What is expected is a word-for-word copy of all the entries.

++++ RECORDS SHOWN

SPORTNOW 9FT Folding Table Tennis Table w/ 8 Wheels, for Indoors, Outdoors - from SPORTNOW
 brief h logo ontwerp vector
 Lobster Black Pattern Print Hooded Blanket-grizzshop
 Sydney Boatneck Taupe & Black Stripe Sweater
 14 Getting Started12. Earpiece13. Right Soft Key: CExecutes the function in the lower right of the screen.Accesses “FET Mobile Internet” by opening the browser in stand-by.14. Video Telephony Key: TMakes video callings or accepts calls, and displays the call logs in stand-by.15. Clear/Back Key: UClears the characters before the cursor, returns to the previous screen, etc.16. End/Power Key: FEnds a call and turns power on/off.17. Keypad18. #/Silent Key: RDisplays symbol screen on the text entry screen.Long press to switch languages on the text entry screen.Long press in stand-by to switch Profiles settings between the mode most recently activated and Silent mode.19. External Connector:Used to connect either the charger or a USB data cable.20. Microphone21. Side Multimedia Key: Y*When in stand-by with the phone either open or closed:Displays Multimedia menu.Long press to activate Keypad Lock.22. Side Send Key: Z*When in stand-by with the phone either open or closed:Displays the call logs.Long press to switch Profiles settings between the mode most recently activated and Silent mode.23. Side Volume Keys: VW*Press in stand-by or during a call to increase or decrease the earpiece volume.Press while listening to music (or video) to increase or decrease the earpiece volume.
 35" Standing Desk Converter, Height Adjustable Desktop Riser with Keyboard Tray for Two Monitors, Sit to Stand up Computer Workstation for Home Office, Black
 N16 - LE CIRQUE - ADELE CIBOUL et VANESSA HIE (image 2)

++++++++

RESPONSE TO THE EXERCISE
SPORTNOW 9FT Folding Table Tennis Table w/ 8 Wheels, for Indoors, Outdoors - from SPORTNOW
 brief h logo ontwerp vector
 Lobster Black Pattern Print Hooded Blanket-grizzshop
 Sydney Boatneck Taupe & Black Stripe Sweater
 14 Getting Started12. Earpiece13. Right Soft Key: CExecutes the function in the lower right of the screen.Accesses “FET Mobile Internet” by opening the browser in stand-by.14. Video Telephony Key: TMakes video callings or accepts calls, and displays the call logs in stand-by.15. Clear/Back Key: UClears the characters before the cursor, returns to the previous screen, etc.16. End/Power Key: FEnds a call and turns power on/off.17. Keypad18. #/Silent Key: RDisplays symbol screen on the text entry screen.Long press to switch languages on the text entry screen.Long press in stand-by to switch Profiles settings between the mode most recently activated and Silent mode.19. External Connector:Used to connect either the charger or a USB data cable.20. Microphone21. Side Multimedia Key: Y*When in stand-by with the phone either open or closed:Displays Multimedia menu.Long press to activate Keypad Lock.22. Side Send Key: Z*When in stand-by with the phone either open or closed:Displays the call logs.Long press to switch Profiles settings between the mode most recently activated and Silent mode.23. Side Volume Keys: VW*Press in stand-by or during a call to increase or decrease the earpiece volume.Press while listening to music (or video) to increase or decrease the earpiece volume.
 35" Standing Desk Converter, Height Adjustable Desktop Riser with Keyboard Tray for Two Monitors, Sit to Stand up Computer Workstation for Home Office, Black
 N16 - LE CIRQUE - ADELE CIBOUL et VANESSA HIE (image 2)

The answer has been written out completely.